Assignment -
Exactly as written, set down the lines from the top of the entries through the line bearing "Ognisty kwiat Madame&Rose", with every picture left out.

Entries taken from a collection
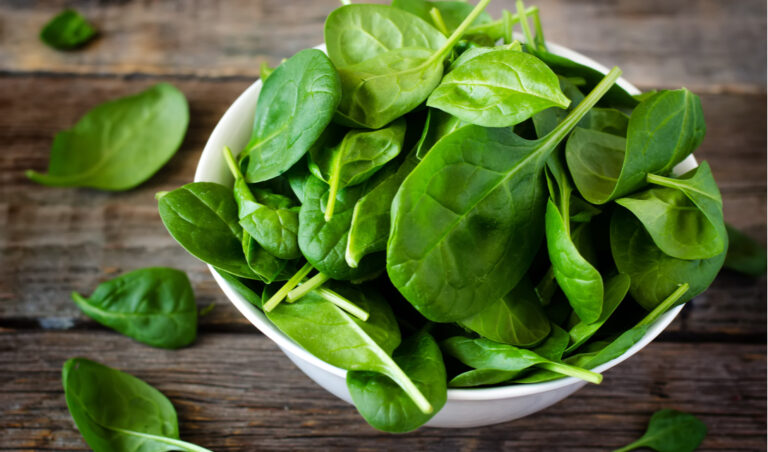 Your question: How much spinach should I give my dog?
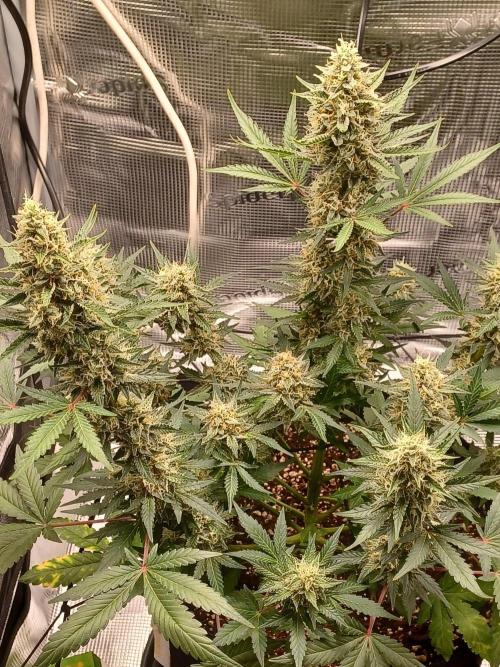 SPECIAL QUEEN #1 AUTO. Week 8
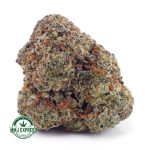 Buy Cannabis Vanilla Kush AAAA at MMJ Express Online Shop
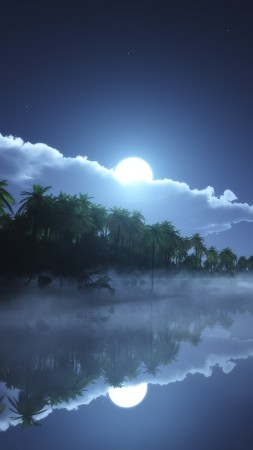 Речные, 4k, HD, морские, пальмы, ночь, луна, облака (vertical)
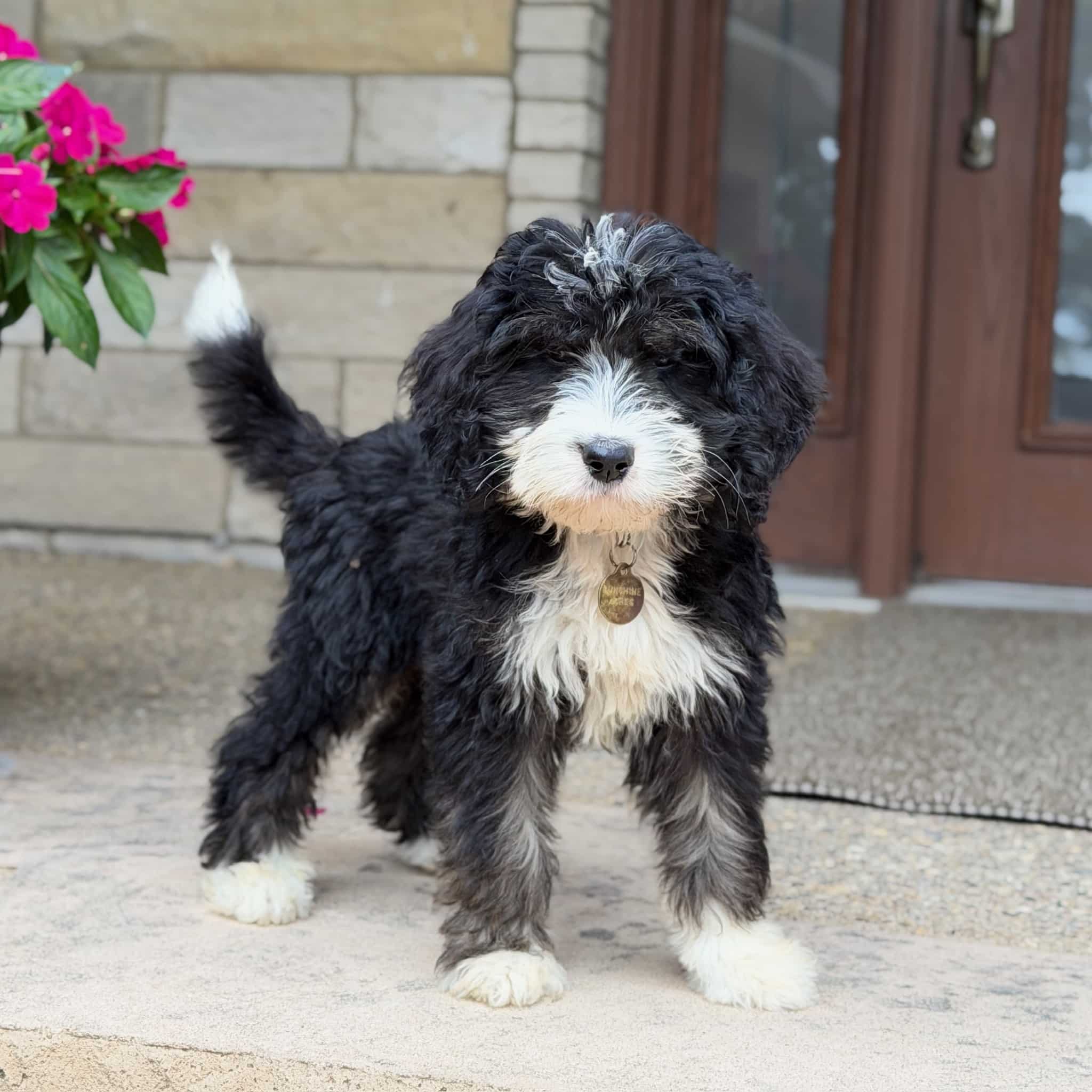 tri color golden mountain doodle puppy on porch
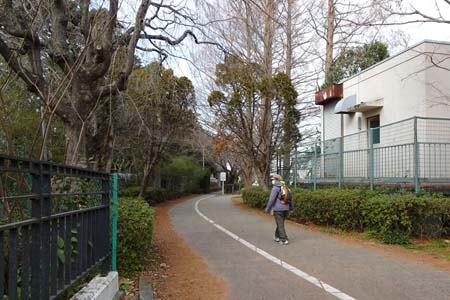 横浜市戸塚区・メタセコイヤの並木が続く遊歩道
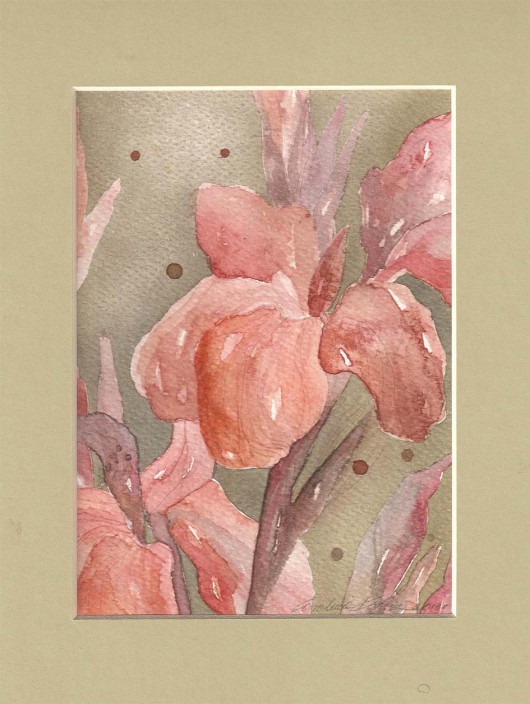 Ognisty kwiat Madame&Rose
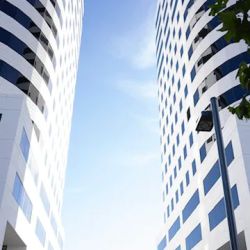 Zhamakochyan Family Law ico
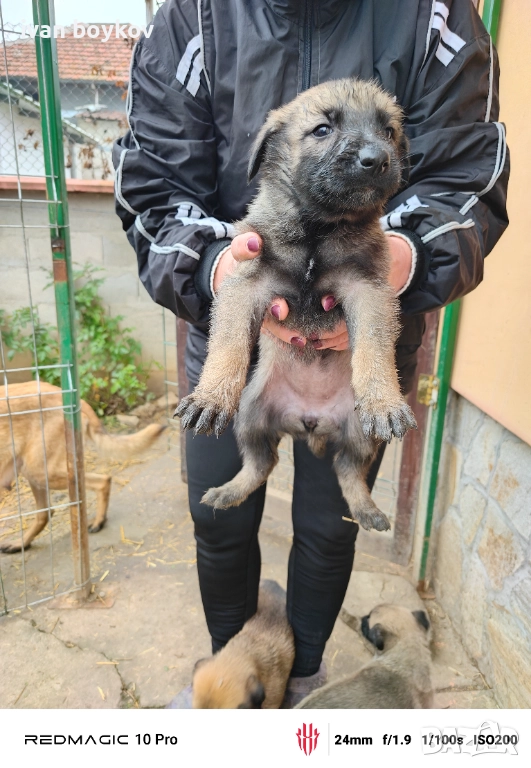 Малиноа, снимка 1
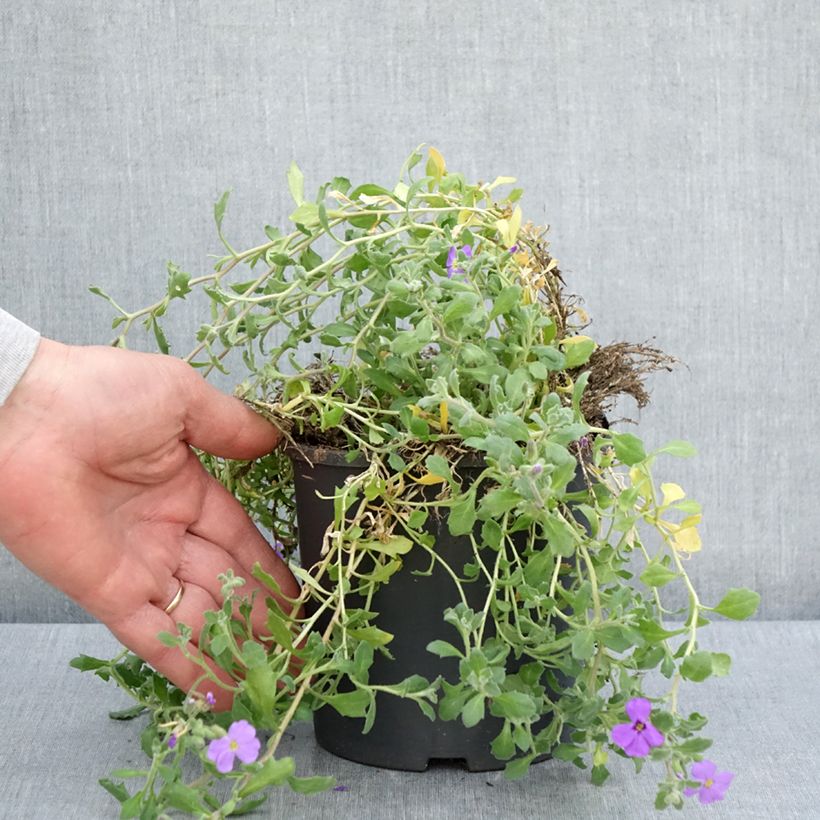 Aubrieta Cascade Blue Maceta 2L/3L Ejemplar entregado en la primavera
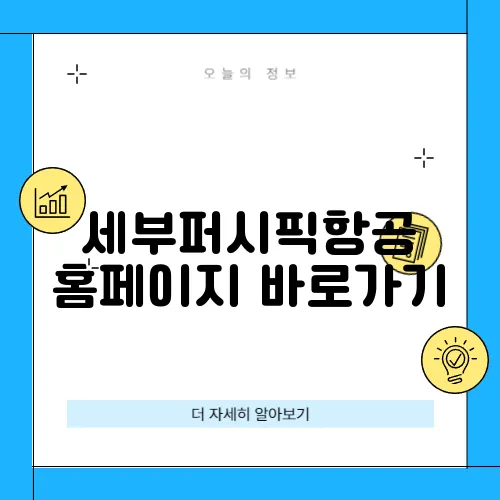 세부퍼시픽항공 홈페이지 바로가기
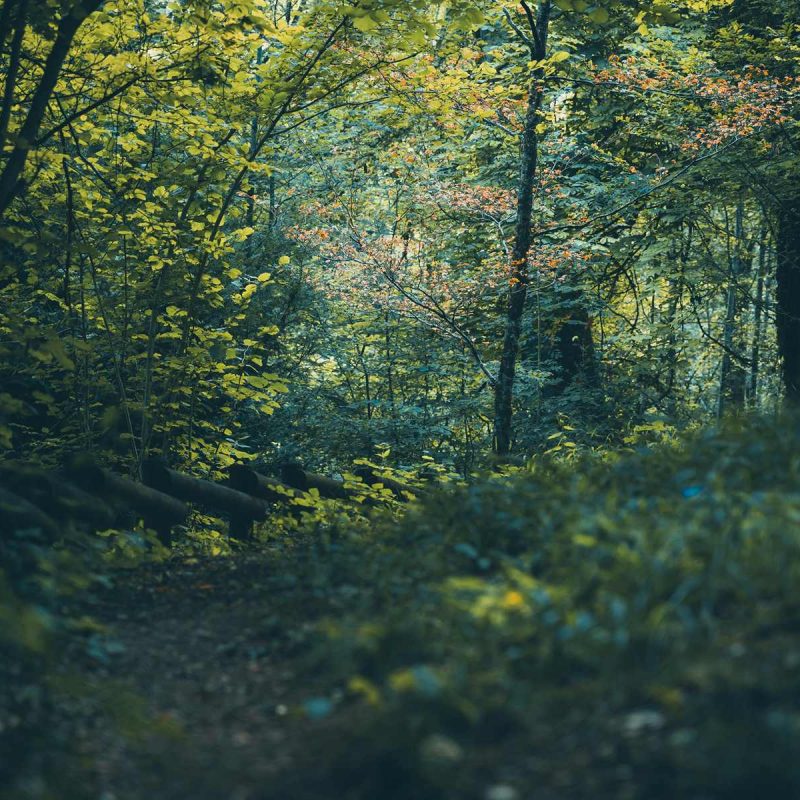 Forêt Sanctuaire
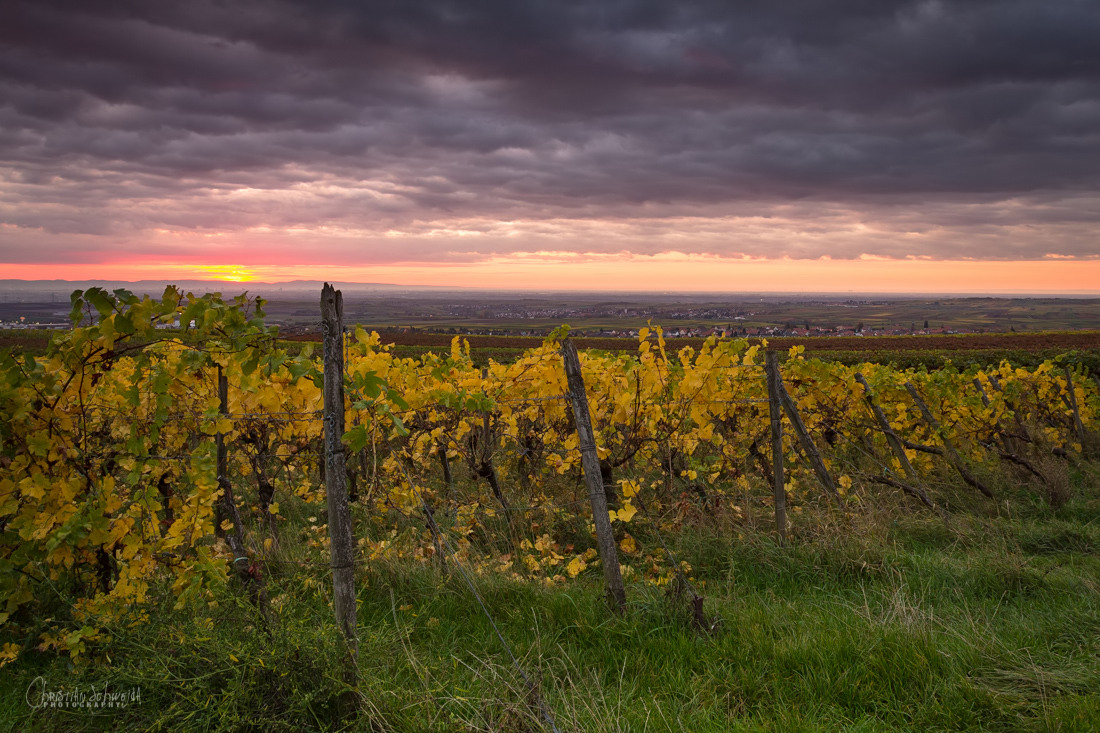 Herbstlicher Sonnenaufgang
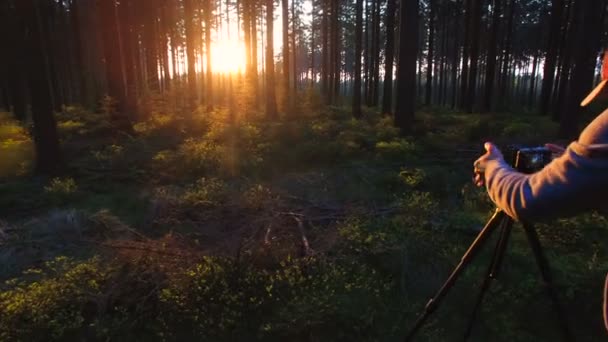 Φωτογράφος παίρνει μια εικόνα στο δάσος σιωπηλή άνοιξη με όμορφο φωτεινό ήλιο ακτίνες — Αρχείο Βίντεο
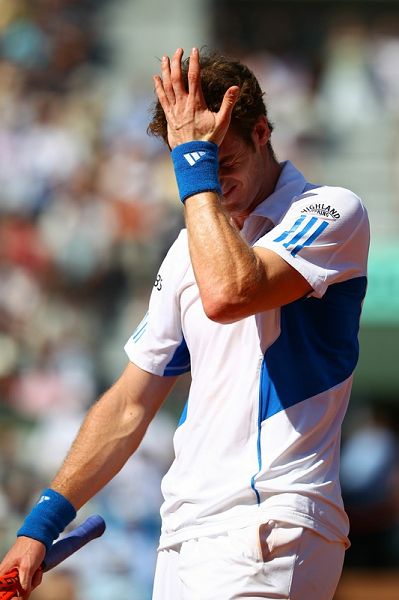 包含戴维斯杯逆转年终总决赛，穆雷状态火热的词条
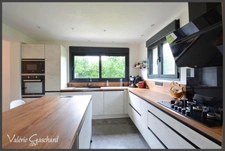 Le Pizou - Maison 130 m² de 3 chambres /3 salle d'eau , terrain de 1,9ha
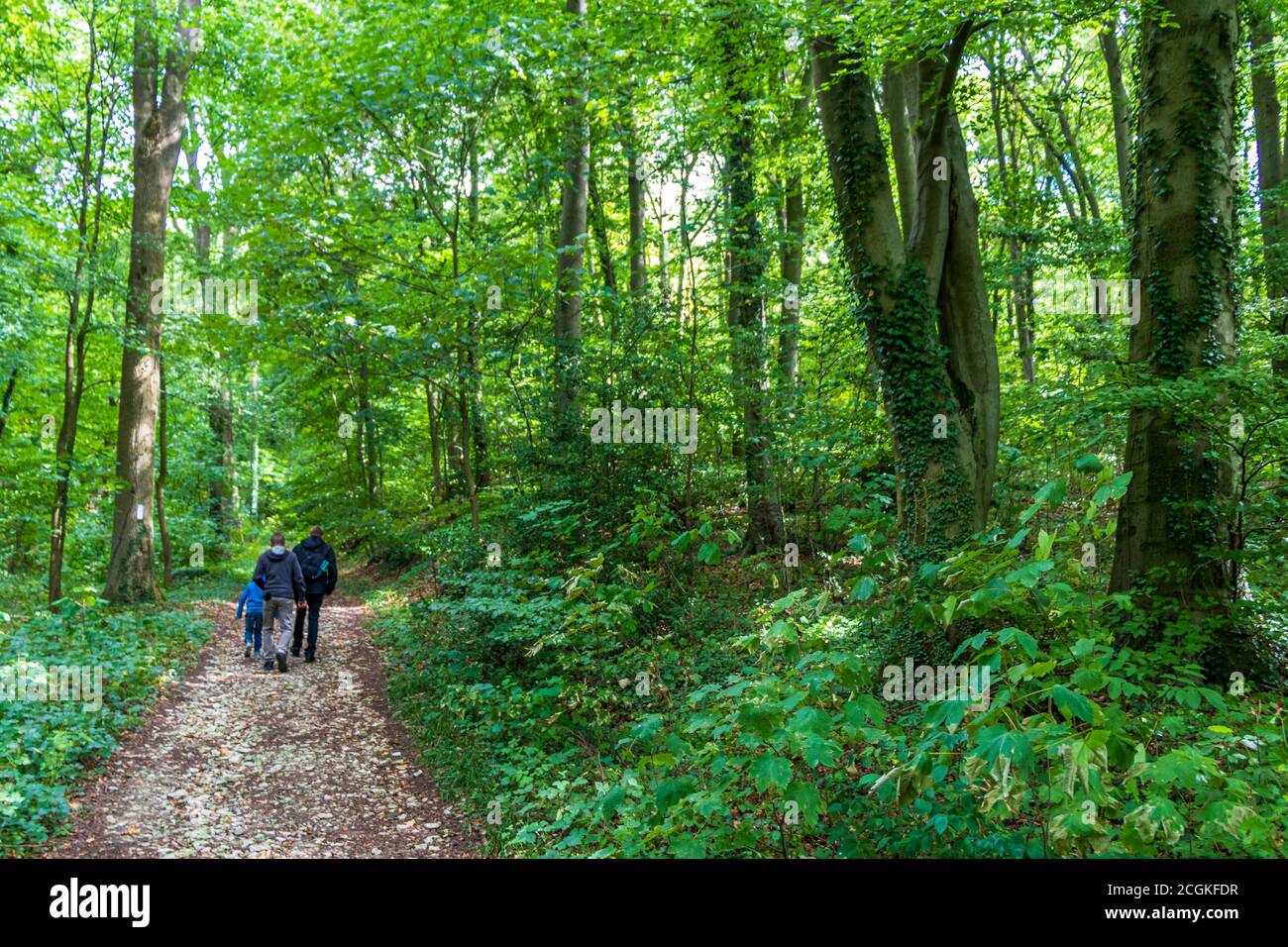 La gente va su un'escursione della foresta nella terra di Tecklenburger, Nordrhein-Westfalen, Germania. Foto Stock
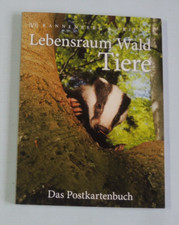 1x Postkartenbuch TIERE Wald 15 Motiv Postkarten Fuchs Maus Waschbär Hirsch Eich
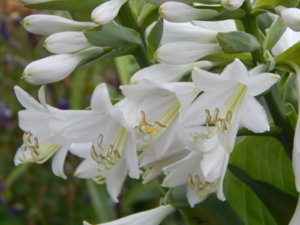 DSCN0727.JPG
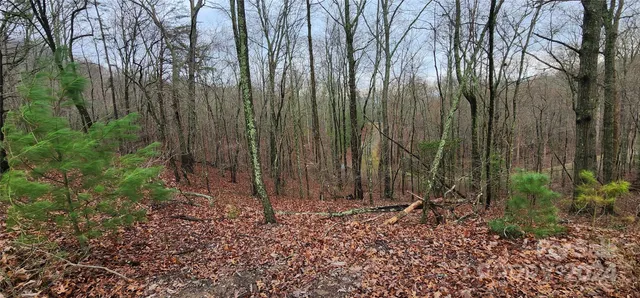 a view of a backyard with trees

Answer to the exercise -
 Your question: How much spinach should I give my dog?
 SPECIAL QUEEN #1 AUTO. Week 8
 Buy Cannabis Vanilla Kush AAAA at MMJ Express Online Shop
 Речные, 4k, HD, морские, пальмы, ночь, луна, облака (vertical)
 tri color golden mountain doodle puppy on porch
 横浜市戸塚区・メタセコイヤの並木が続く遊歩道
 Ognisty kwiat Madame&Rose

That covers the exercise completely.